We all know to talk to the audience, but we’re usually talking to them too late in the process. The way we frame and brief the problem to begin with automatically excludes a whole set of solutions—since we’re approaching it from our own perspective and not using the audience to set-up the problem. Think of it like the staging of a house when it is for sale—after seeing the vision, you tend to overlook other solutions and think mostly of what you were shown. Double-check your frame (or the client’s framing) and context of the problem to ensure the audience’s voices is reflected over anyone elses.

  • Co-create with an audience committee.

If you’re a designer, ‘design by committee’ likely sounds like the worst idea possible. Where this gets messy, is when each member in the committee is a decision maker—but what if they were there to give inspiration?  Often we find that to tackle new problems, we look to our past for inspiration. The problem is we shouldn’t just look to our past, but rather be looking to the audience to influence our ideas. Building opportunity for critique and collaboration from end-users into the design process helps infuse work with new perspective. One way to design by committee (without the impact of deciding by committee) is to host a tissue session (an informal workshopping session) or visual briefing session with the end users. Work through the problem together by creating a visual moodboard with pictorial representation and verbal description of how the problems would ideally be solved. The visual moodboards can later be used as evidence to support the design process and keep the “voice of the user” in the room.

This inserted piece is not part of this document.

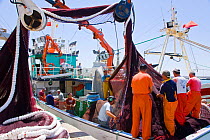 Fishermen unloading catch from commerical fishing boat, Puerto de Barbate, Cadiz, Andalucía, Spain, July 2008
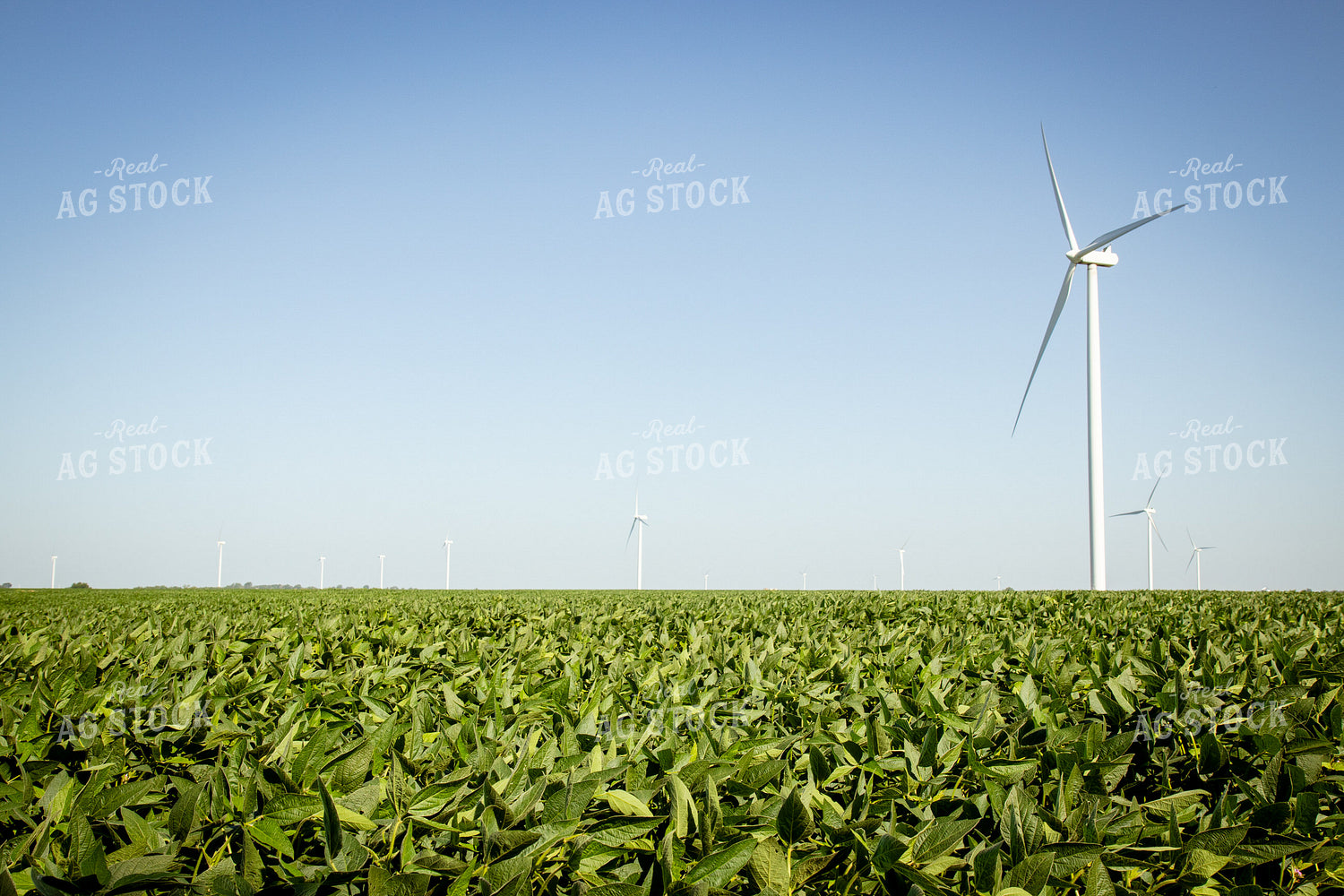 Mid-Season Soybean Field 268152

  • Outsource your recruit.

We have a tendency to prefer people like us. It’s called an ingroup bias. As a result, even the most thoughtful and inclusive design process can be infused with bias — especially if your recruit involves phone screenings. Take recruiting inspiration from the classical music world. The industry holds blind auditions, where the participants audition behind a sheet, so that the musician’s identity is not known and the judges can focus on what really matters—the musical performance. By outsourcing the recruit, the recruiter can focus on the necessities of matching your audience, but the final decision can be focused on what truly matters in the project, like the audience’s personal opinions.

Throughout the design and build stage:

  • Look at the fringe data.

We tend to solve for the most common problems or the largest user base—effectively the “midpoint of the bell curve.” This practice, while effective for returns and measurement, often results in outlier cases. Rather than only focusing on the core use cases, examine the fringe. This can unearth truths of human behavior or reveal biases in the design process. For instance, there may be an instance where a certain user group behaves slightly different due to a cultural pattern.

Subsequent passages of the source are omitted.